SOURCE INFORMATION:
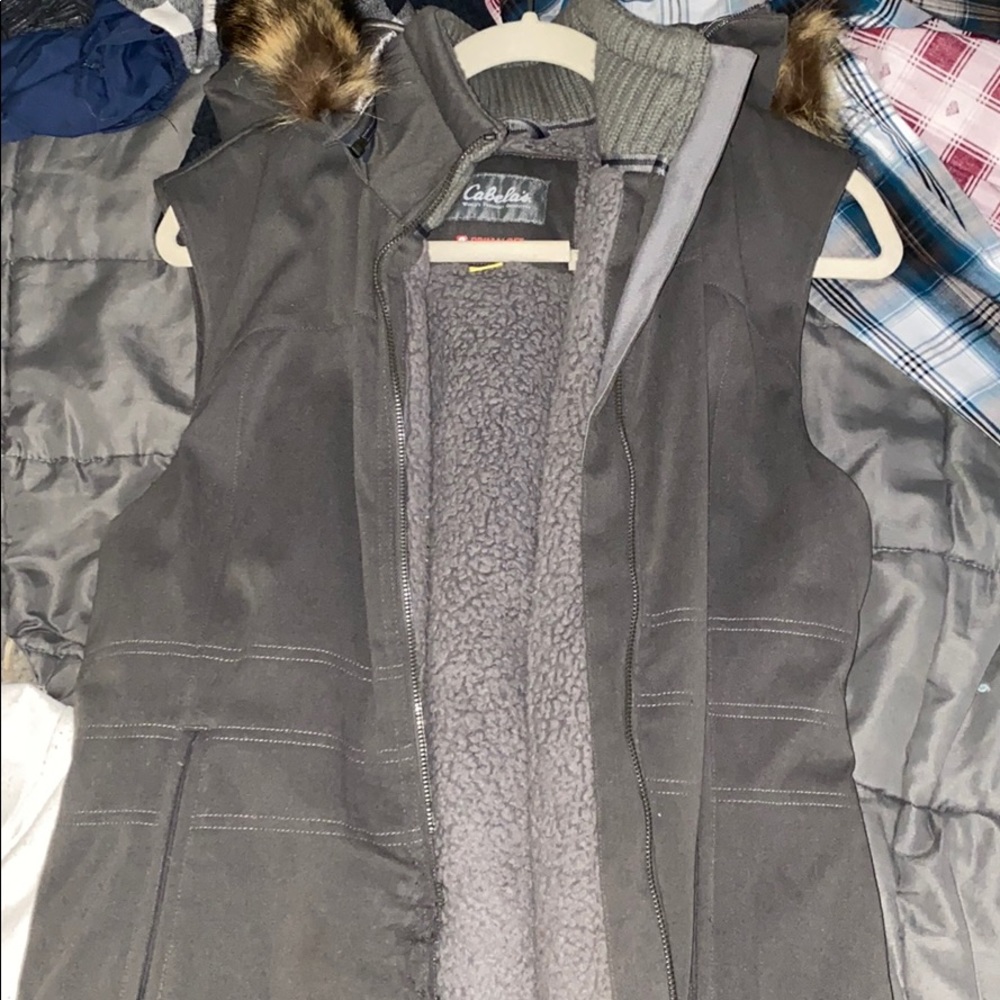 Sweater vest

==

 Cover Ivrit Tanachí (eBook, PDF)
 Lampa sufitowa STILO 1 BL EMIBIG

...

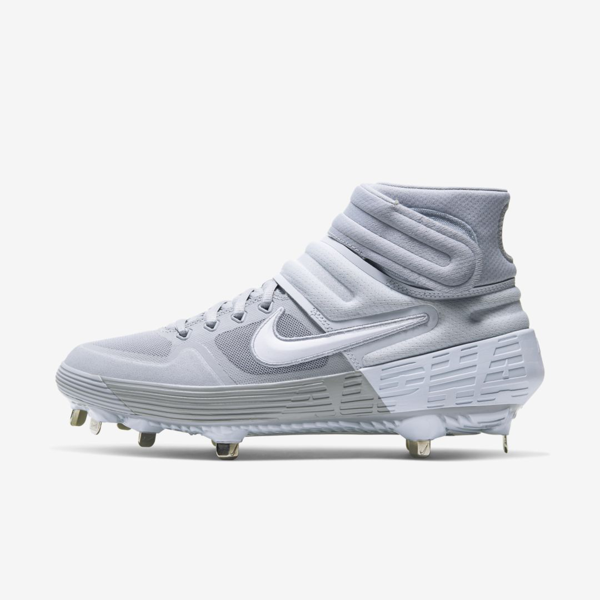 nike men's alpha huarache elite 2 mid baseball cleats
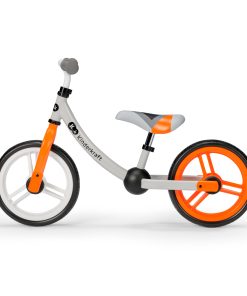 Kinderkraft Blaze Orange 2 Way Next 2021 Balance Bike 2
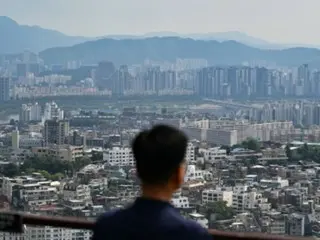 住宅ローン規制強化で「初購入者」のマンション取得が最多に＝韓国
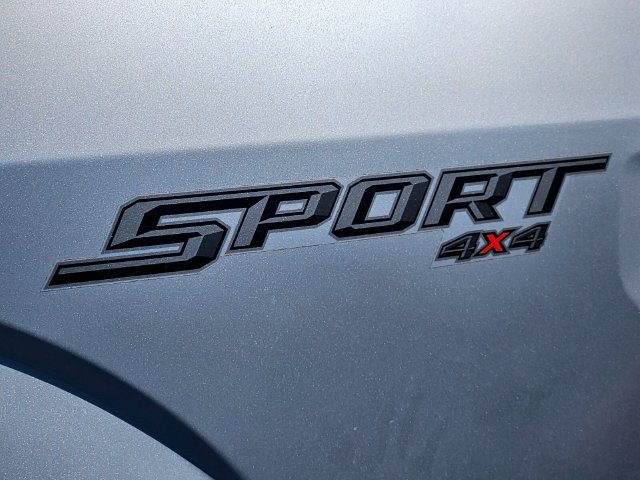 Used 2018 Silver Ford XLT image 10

WORK REQUIRED: In the material above, locate the line containing "Cover Ivrit Tanachí (eBook, PDF)" and the line containing "Lampa sufitowa STILO 1 BL EMIBIG". Transcribe exactly those two lines and every line between them, and nothing more.

ANSWER BOX:
 Cover Ivrit Tanachí (eBook, PDF)
 Lampa sufitowa STILO 1 BL EMIBIG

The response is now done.